From Fedora Project Wiki

Revision as of 15:42, 10 July 2008 by Mikeb (talk | contribs)

Supporting EPEL Builds in Koji

Using Koji to build EPEL packages has been a goal for a long time. However, it has been held up by the desire to build against official RHEL packages while not making those packages public. Right now Koji can only build against packages it has a local copy of, under /mnt/koji/packages, and that directory is served via http to the public.

This is a proposal to enable Koji to populate the minimal buildroot and resolve dependencies using packages from an admin-configurable remote yum repository. A minimum amount of information about packages from the remote repository would be inserted into the local Koji database to allow the package to be traced back to its origin. This would enable Koji to pull RHEL packages from a private repo for the purpose of building EPEL packages, without making the RHEL packages public. Note that everything built by Koji would still be available to the public. This approach has the additional benefit of greatly simplifying the bootstrapping process for people running their own Koji instances. They can simply consume packages from an existing yum repo and skip the entire package import process.

Implementation

Finding the packages

Koji generates a yum config for every buildroot it creates and uses. This config points to a repo that has been created by Koji from packages imported into or built by Koji and associated with the build tag. Adding an additional, external repo raises questions about which repo a package should come from if the package sets overlap.
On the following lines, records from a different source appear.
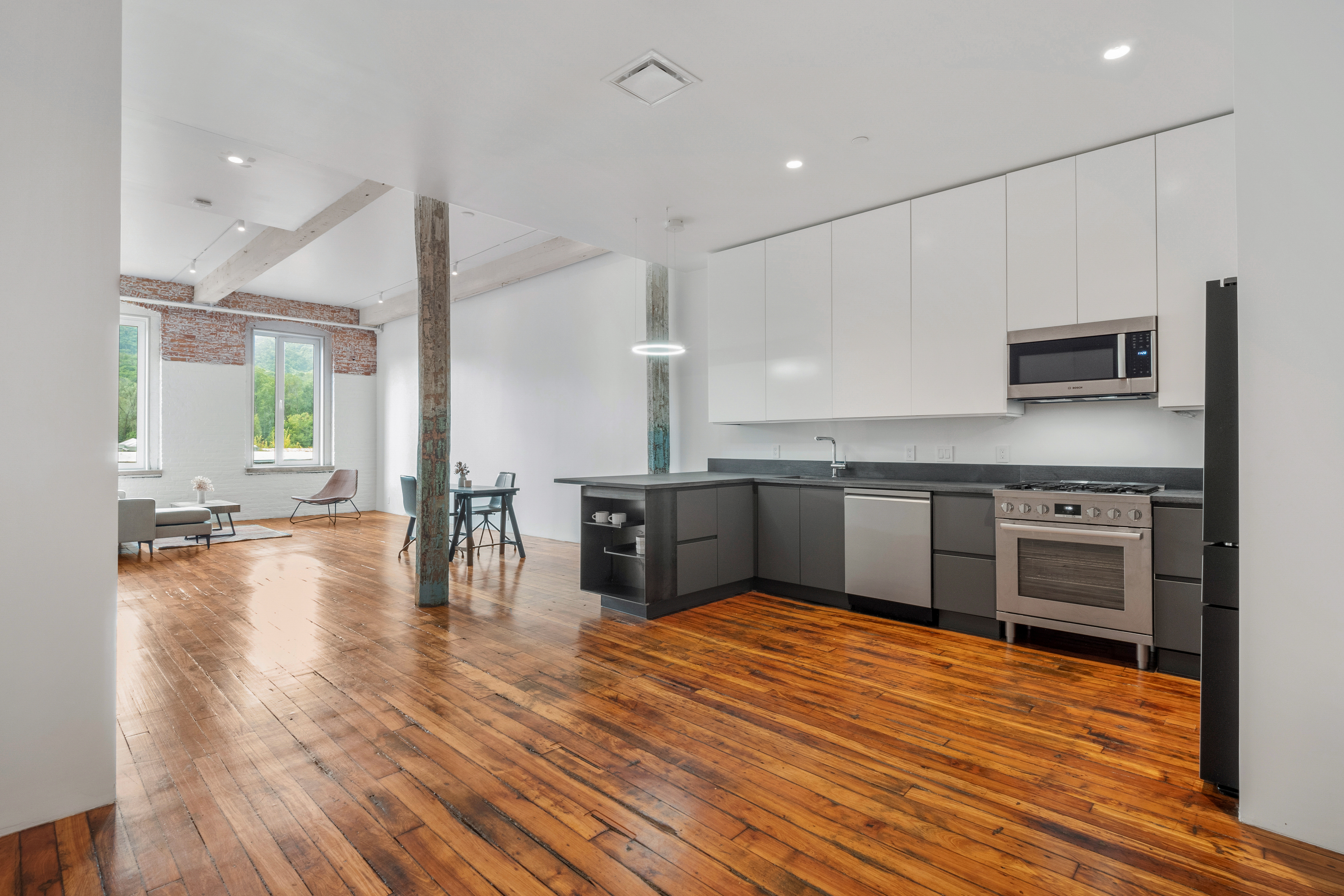 Modern Loft Living in a Historic Former Mill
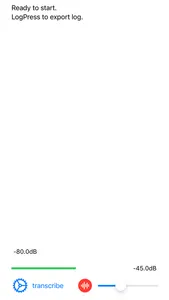 Transcribe on device screenshot 1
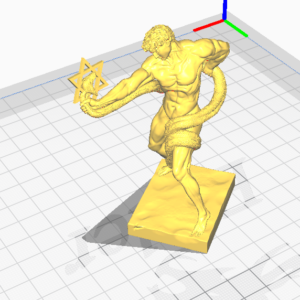 Wrestling the Serpent 3D – STL File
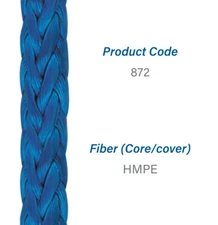 Samson Amsteel Blue Dyneema Rope 1/4" x 25', 50', 100', 150', & 200' Colors NEW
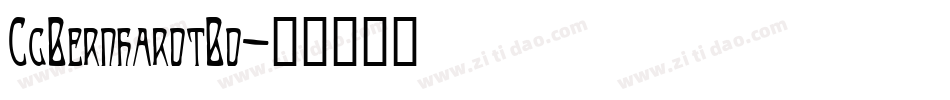 CgBernhardtBd字体转换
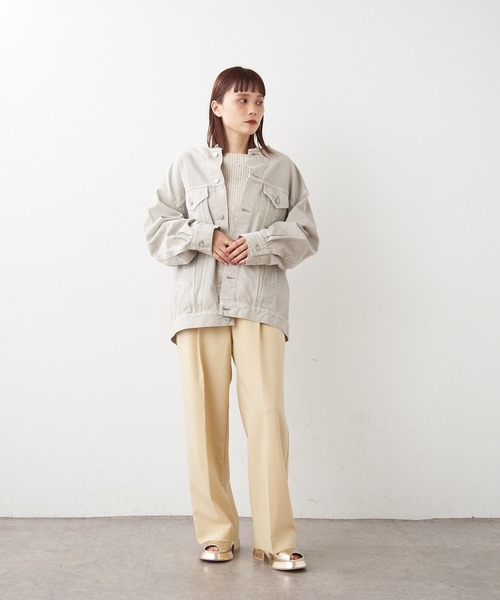 Omekashi（オメカシ）の「【ai.no.de】 setouchi デニムジャケット（デニムジャケット・レディース・ライトグレー/ライトブルー・FREE）」の13枚目の写真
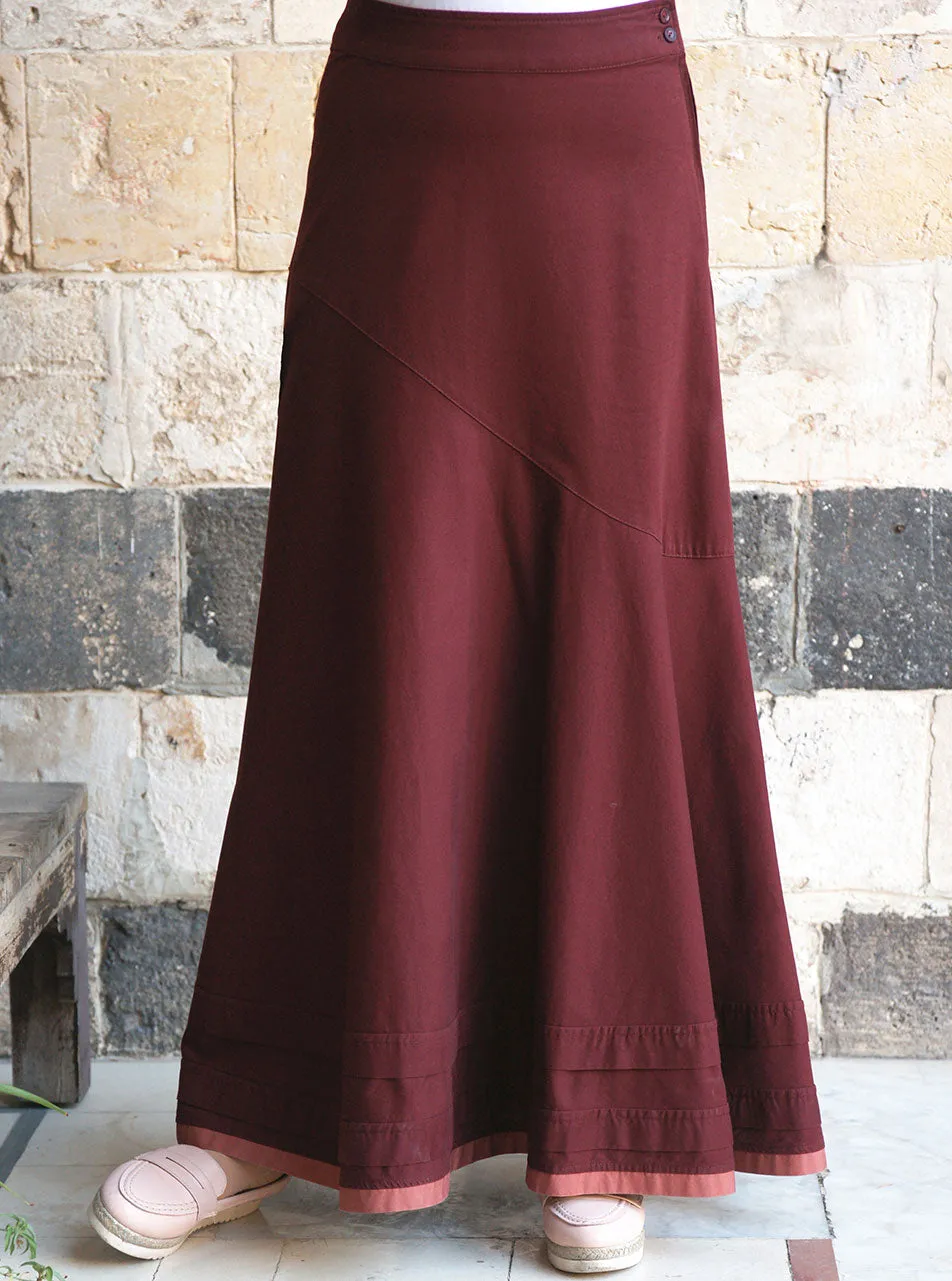 Asymmetrical Flared Skirt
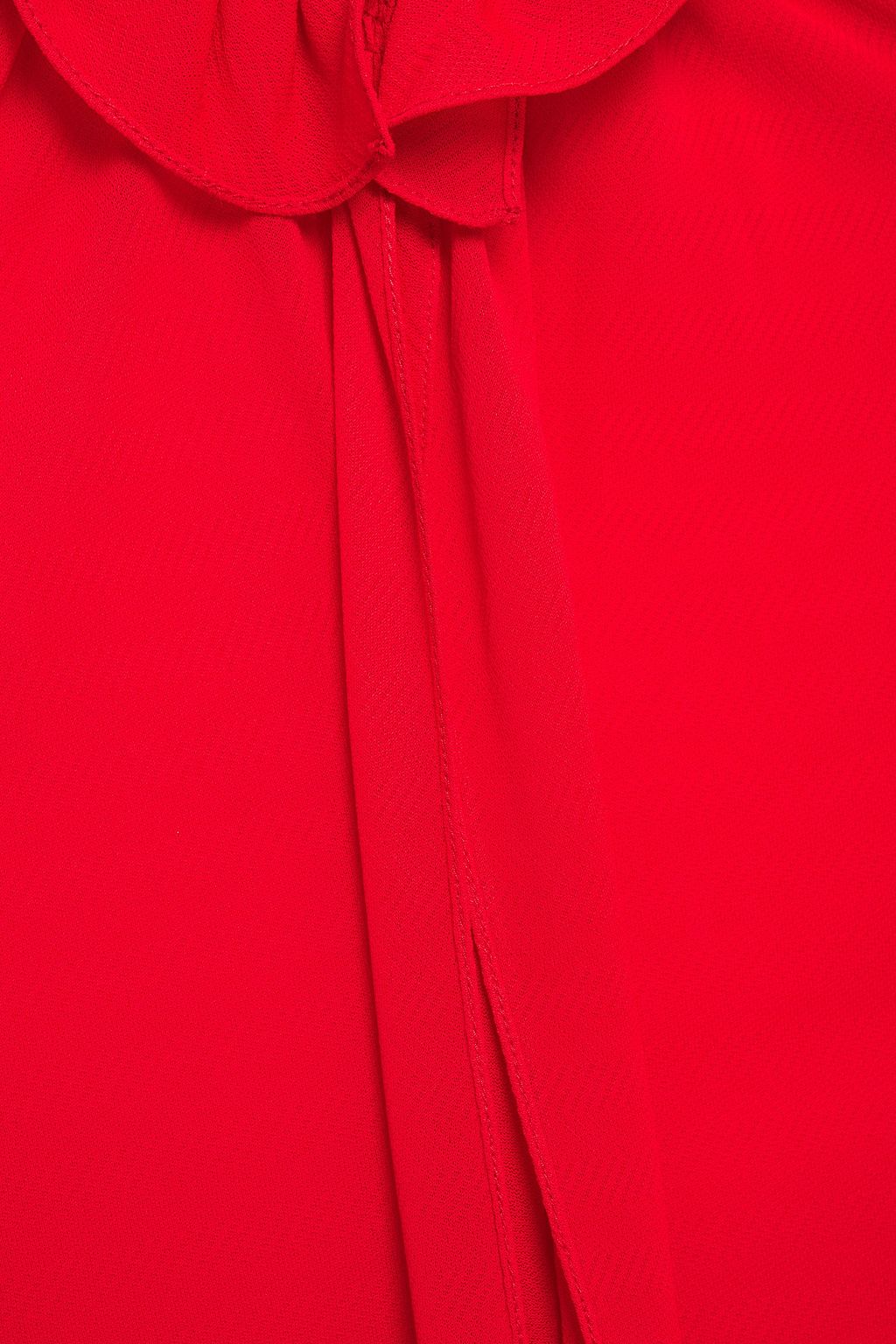 ROLAND MOURET Ruffled stretch-jersey blouse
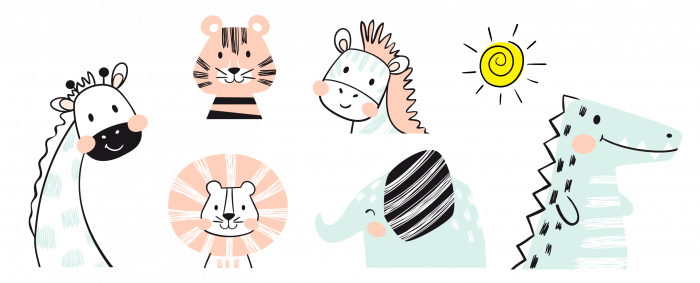 Sticker decorativ - Cute animals [2]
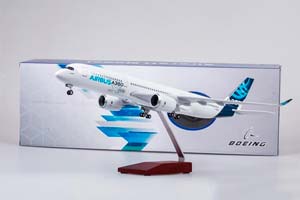AIRBUS A350 / МОДЕЛЬ САМОЛЕТА A350 ЭЙРБАС (С ОСВЕЩЕНИЕМ САЛОНА НА ШАССИ ДЛИНА 45 СМ) — фото 13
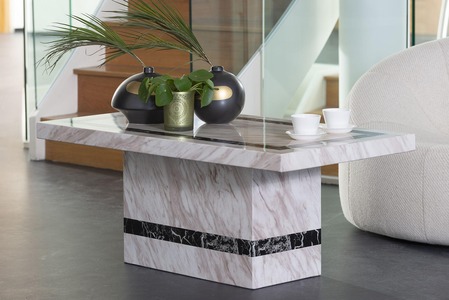 14-09-02 Cream Marble Coffee Table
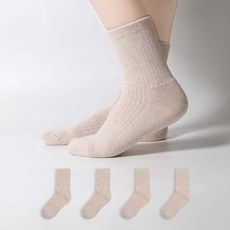 si ner socks 女性羅紋毛圈氣墊襪 5雙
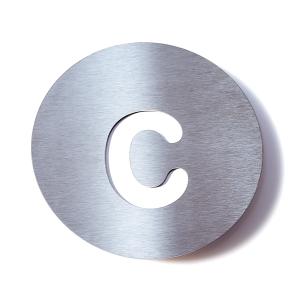Radius Design - Numéro de maison c, blanc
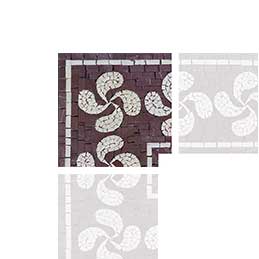 Marble Mosaic Corner - Swirly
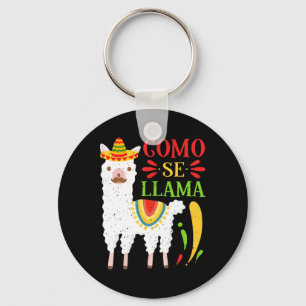 Let's Fiesta Como Te Llamas Cinco De Mayo Como Se Keychain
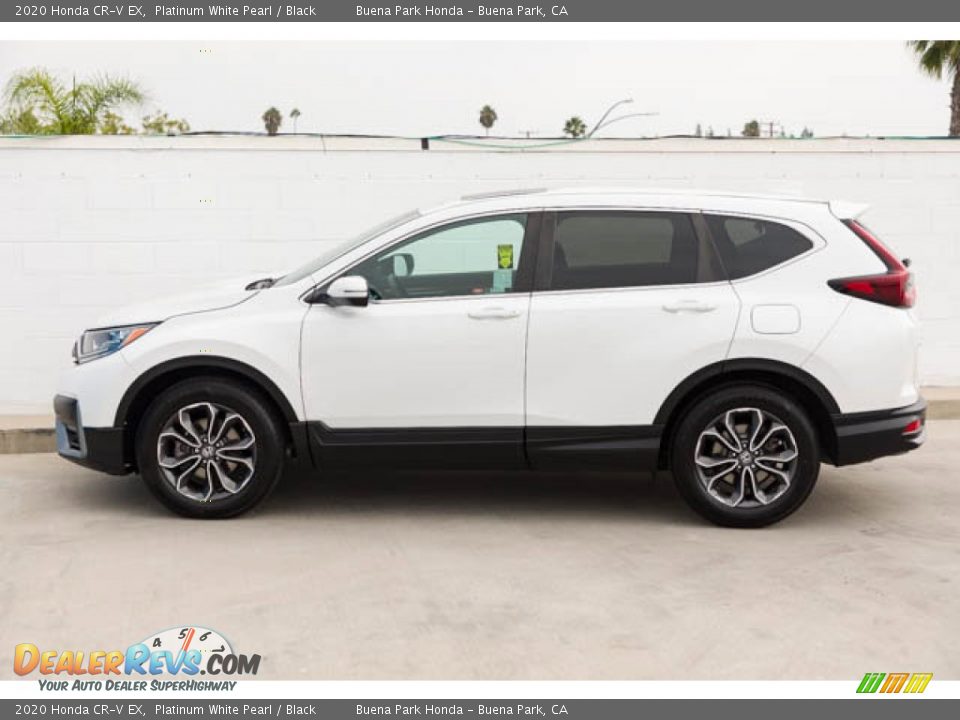 Platinum White Pearl 2020 Honda CR-V EX Photo #8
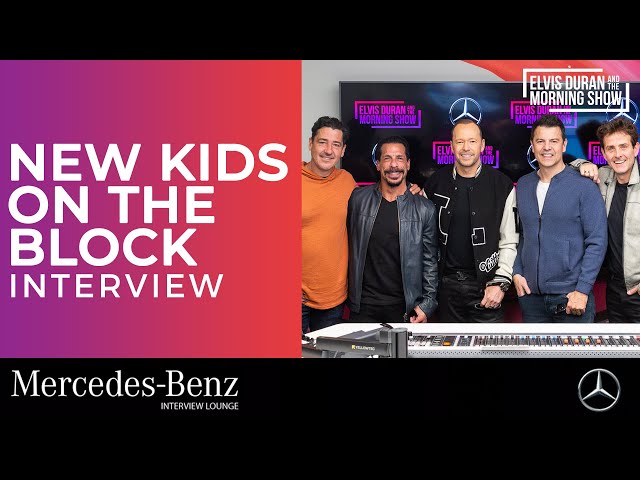 New Kids On The Block Get Emotional About Getting Back Together | Elvis Duran Show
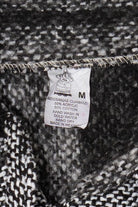 Artesanias Cliamatzi Black And White Baja Hoodie (2000s)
There is a strong feeling that if a package exists in the Koji-managed local repo (whose contents the Koji admin has full control over) it should always be preferred over the external repo (whose contents the Koji admin may have little or no control over). As an example, if a package is available in the remote repo, and a custom version of the same package is built in Koji, the Koji version should always be the one available in the buildroots. It should not be overridden when the remote repo decides to update that package to a newer version, or the customizations (which we assume were made for good reason) would get silently lost. In particular, always preferring the local Koji packages over the remote repo packages allows for reverting a package to a version earlier than what is in the remote repo, which may be necessary to resolve build problems or conflicts.

After discussions with the yum developers, it was decided that the best way to support this preference for the Koji-managed repo would be to merge the local repodata and the remote repodata into a single repo. During this merge process, any packages provided by the local repo (filtering by package name) would be included in the merged repodata, and the corresponding packages from the remote repo would be elided. This filtering process would need to be done at the source rpm level, to avoid subpackages from the remote repo slipping in to the repodata. Seth Vidal and James Antill have generously offered to spearhead development of this repomerge tool.

A new field, remote_repo_url will be added to the tag_config table in the Koji database to hold the URL of the additional repo, configurable on a per-tag basis. The url may contain placeholders for arch and tag name that will be replaced with the appropriate values for the repo being created. At repo creation time, the repodata will be retrieved from the processed url and merged with the local repodata as described above. This single repo will then be used for subsequent builds against the tag.

Tracking packages

When a build is complete Koji uploads the list of rpms in the buildroot to the hub to be inserted into the database for tracking purposes. Currently, every rpm in the list must exist in the Koji database or an error will be raised. Under this proposal, if the remote repo in the tag_config table is null, this behaviour doesn't change, and Koji will work exactly as it does now.

If the remote repo is not null, Koji will assume that any rpms in the buildroot that are not in the database came from the remote repo. For each of these rpms an entry will be created in the rpminfo table that stores the name, version, release, and some additional metadata that allows the rpm to be identified. An additional field, origin, will be added to the table, and this will be populated with the processed url of the repo associated with the tag. This field will be populated with a common value, local, for all locally-managed rpms. The new rpminfo entry will then be associated with the buildroot via the buildroot_listing, just as a locally-managed rpm would. A remote rpminfo entry will not be associated with a build, and a constraint will be added to the table to ensure that only entries whose origin is not local may have a null build_id. The XML-RPC API will be updated to include the origin information in the data structures it returns, and the web UI will be updated to indicate that a rpm came from a remote repository, and provide the url to that repository.

Adding rpms from remote repositories into the rpminfo table does raise some issues. Right now that table enforces uniqueness of (name, version, release, arch). This is appropriate when all rpms are being managed locally in Koji, and we want to prevent rpms with the same N-V-R.A but different contents from existing in the system. However, remote repos may have rpms that duplicate locally-managed rpms, and it may be appropriate for one tag to pull in an rpm from a remote repo that exists locally in another tag. For this reason, the rpminfo_unique_nvra constraint on the rpminfo table will be expanded to include the origin field as well. Each remote repo will now have its own namespace for N-V-R.A. Locally-managed rpms will still have the same uniqueness constraints because they will all share the same local namespace.